A semi-norm on $\ell_p$ spaces and its relation to the usual norm Let $1\leq p <\infty,$ $A$ be an infinite set, and  $\theta=\{\theta_a: \ell_p(A) \to \Bbb R| a\in A\}$ be a family of bounded linear functional which satisfies $\sum_{a\in A}|\theta_a(f)|^p<\infty$ for all $f\in \ell_p(A).$
Define $\|f\|_{\theta}:= \big(\sum_{a\in A}|\theta_a(f)|^p\big)^{1\over p}.$
My question is about the relation between the two values $\|f\|_{\theta}$ and $\|f\|.$
It is clear that $\|\cdot\|_{\theta}$ is a semi-norm on $\ell_p(A).$ Also, $\|f\| \leq M \|f\|_{\theta}$  not necessarily holds; (for example, we can consider all $\theta_i$ s equal to zero). Now, is there some $M\geq 0$ such that  $\|f\|_{\theta} \leq M \|f\|$ holds for all $f\in\ell_p(A)?$
 A: Define a linear operator $T:\ell^p(A)\to\ell^p(A)$ by $f\mapsto T(f)$, where
$$T(f)(a):=\theta_a(f)\text{ for all }a\in A.$$
If we show that $T$ is bounded, then we are done, since then we would have $\|T(f)\|\leq\|T\|\cdot\|f\|$ for all $f\in\ell^p(A)$ and it is clear that
$$\|T(f)\|=\bigg(\sum_{a\in A}|T(f)(a)|^p\bigg)^{1/p}=\bigg(\sum_{a\in A}|\theta_a(f)|^p\bigg)^{1/p}=\|f\|_\theta.$$
Note that the operator does indeed take values in $\ell^p(A)$, since by assumption we have $\|f\|_\theta<\infty$ for all $f\in\ell^p(A)$, i.e. $\|T(f)\|_{\ell^p(A)}<\infty$, i.e. $T(f)\in\ell^p(A)$.

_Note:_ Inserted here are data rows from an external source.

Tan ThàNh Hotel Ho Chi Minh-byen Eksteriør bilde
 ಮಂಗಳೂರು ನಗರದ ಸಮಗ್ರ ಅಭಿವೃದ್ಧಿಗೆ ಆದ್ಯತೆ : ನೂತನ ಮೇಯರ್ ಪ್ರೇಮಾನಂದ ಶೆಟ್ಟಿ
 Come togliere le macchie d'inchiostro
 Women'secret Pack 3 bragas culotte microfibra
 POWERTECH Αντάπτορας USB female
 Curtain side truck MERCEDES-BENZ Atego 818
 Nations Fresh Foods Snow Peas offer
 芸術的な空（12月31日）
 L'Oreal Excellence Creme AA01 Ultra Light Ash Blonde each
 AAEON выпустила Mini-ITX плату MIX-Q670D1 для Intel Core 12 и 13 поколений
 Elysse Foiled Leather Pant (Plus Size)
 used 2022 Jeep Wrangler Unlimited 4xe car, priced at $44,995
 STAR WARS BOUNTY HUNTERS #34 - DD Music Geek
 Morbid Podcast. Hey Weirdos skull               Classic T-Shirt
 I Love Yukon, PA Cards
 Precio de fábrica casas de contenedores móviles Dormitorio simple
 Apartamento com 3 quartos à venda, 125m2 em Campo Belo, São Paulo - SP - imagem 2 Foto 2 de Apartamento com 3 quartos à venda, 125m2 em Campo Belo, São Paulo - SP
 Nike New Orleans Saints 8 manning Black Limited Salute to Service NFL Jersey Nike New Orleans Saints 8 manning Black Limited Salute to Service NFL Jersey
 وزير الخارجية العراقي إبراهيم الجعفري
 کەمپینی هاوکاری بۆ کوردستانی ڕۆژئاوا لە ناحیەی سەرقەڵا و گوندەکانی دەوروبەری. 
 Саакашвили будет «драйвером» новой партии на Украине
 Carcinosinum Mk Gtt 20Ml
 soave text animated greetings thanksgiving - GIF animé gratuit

To show that $T$ is bounded, we use the closed graph theorem: Let $(f_n)\subset\ell^p(A)$ be a sequence with $\|f_n\|_{\ell^p(A)}\to0$ and assume that $T(f_n)\to g$ in $\ell^p(A)$. If we show $g=0$, we are done. Fix $a\in A$. We have
$$|g(a)|\leq|g(a)-T(f_n)(a)|+|T(f_n)(a)|=\big(|g(a)-T(f_n)(a)|^p\big)^{1/p}+|\theta_a(f_n)|\leq$$
$$\leq\bigg(\sum_{b\in A}|g(b)-T(f_n)(b)|^p\bigg)^{1/p}+|\theta_a(f_n)|=\|g-T(f_n)\|_{\ell^p(A)}+|\theta_a(f_n)|\to0,$$
since by assumption $T(f_n)\to g$ in $\ell^p(A)$ and $f_n\to0$ and $\theta_a$ is continuous, hence $\theta_a(f_n)\to0$. As $a\in A$ was arbitrary, this shows $g=0$. By the closed graph theorem, we have that $T$ is bounded.
Comment: There were comments that this is immediate by the uniform boundedness principle. Even though the closed graph theorem is very closely related to the UBP, I don't see what the right application of the UBP is to make this an immediate consequence. I do agree though, that the above is pretty much just the standard application of the closed graph theorem.